De forma prática, os cibercriminosos continuam usando de técnicas conhecidas, como: reconhecimento, phishing, entrega de malware, comando e controle, quebra de formulários, chatbots e extração de dados. O que ampliou foi o perímetro da rede, principalmente com uma média atual de 33% dos usuários corporativos trabalhando remotamente.

Os tipos de dados mais detectados por essas violações são: regras de proteção de perda de dados (DLP) e políticas relacionadas à privacidade, saúde e finanças, por exemplo. Isso inclui informações de identificação pessoal (PII); Lei Geral de Proteção de Dados (LGDP); informações protegidas de saúde (PHI); informações sobre cartões de pagamento (PCI); lei de proteção a informações pessoais e documentos eletrônicos (PIPEDA); código-fonte; senhas; credenciais e chaves de acesso.

Como inverter a ordem e controlar as aplicações em nuvem a 360 graus?

Com a migração dos dados para a nuvem, é preciso ter regras claras e definidas de monitoramento, controle e governança. O legado é incapaz de decodificar serviços e aplicativos na nuvem para uma completa visibilidade e controle sobre a movimentação de dados neste ambiente, incluindo os serviços e aplicativos gerenciados e não gerenciados, além das instâncias empresariais e pessoais.

Os dados desprotegidos na nuvem requerem uma prática recomendada de avaliações de segurança contínuas, com regras e correções automatizadas, que podem efetivamente remover o risco.

As organizações que estão habilitadas para atuar na nuvem adotam três comportamentos básicos que invertem a ordem da rede tradicional:

1- Aumento do uso de serviços e aplicativos públicos na nuvem;
2- Aumento de adoção do modelo de trabalho remoto, mesmo que parcial;
3- Migração de aplicativos e dados privados para a nuvem.
Sendo assim, apresento três táticas e recomendações para a segurança na nuvem:

1- Inspecionar e decodificar todo o tráfego da web e da nuvem em busca de ameaças maliciosas, como phishing e malware. Garantir a inspeção do conteúdo, instância e atividade para detectar e bloquear ameaças, independentemente da origem.

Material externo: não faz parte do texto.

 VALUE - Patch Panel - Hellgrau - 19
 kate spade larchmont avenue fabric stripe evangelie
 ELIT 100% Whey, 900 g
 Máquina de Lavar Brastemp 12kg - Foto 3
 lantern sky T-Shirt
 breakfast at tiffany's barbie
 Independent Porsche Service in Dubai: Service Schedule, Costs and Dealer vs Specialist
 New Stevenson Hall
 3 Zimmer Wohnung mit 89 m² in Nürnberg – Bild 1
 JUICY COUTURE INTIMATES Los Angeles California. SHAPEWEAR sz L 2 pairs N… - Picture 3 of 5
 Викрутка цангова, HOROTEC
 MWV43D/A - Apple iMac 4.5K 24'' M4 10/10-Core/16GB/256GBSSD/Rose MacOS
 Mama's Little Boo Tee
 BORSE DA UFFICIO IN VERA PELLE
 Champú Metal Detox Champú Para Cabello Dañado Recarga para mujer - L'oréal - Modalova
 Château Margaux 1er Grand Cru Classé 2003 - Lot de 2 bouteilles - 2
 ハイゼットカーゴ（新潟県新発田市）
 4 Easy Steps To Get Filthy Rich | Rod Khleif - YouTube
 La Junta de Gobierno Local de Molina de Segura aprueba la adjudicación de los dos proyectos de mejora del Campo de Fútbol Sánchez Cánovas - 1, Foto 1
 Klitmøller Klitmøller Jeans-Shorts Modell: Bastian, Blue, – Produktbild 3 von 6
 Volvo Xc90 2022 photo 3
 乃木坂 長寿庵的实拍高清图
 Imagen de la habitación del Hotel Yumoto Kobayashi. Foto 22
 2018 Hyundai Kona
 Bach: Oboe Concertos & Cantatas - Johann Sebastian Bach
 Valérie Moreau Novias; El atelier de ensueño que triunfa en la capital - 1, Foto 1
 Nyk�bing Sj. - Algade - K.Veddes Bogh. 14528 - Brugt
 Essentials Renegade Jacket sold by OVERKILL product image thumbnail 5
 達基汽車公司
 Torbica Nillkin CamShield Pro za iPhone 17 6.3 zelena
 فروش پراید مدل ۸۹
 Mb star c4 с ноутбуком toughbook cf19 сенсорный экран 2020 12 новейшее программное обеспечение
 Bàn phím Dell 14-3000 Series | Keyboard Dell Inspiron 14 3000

2- Implementar recursos de DLP na nuvem para proteger os dados que são movidos para ela e lateralmente entre serviços e aplicativos na nuvem. Estabelecer o DLP, políticas e regras com controles de acordo com o nível de atividade, reconhecimento de instâncias de aplicativos e análises comportamentais adaptáveis, juntamente com normas regulamentares conhecidas e políticas de DLP de compliance.

3- Capacitar profissionais para trabalharem de qualquer lugar por meio de uma solução de acesso privado e escalável, protegendo-os independentemente do dispositivo que utilizam, uma vez que dispõem de uma combinação nativa da nuvem e baseado em API’s com defesas de segurança.

Com estas práticas, a ação de ameaças se torna mínima, sendo que a capacitação e treinamento de profissionais deve se tornar eventos regulares, para que os profissionais estejam sempre atualizados. A procura de uma plataforma que possa consolidar essas funções que se englobam no modelo SASE com motores comuns é chave para permitir a habilitação dos controles e evitar a sobrecarga dos administradores de segurança.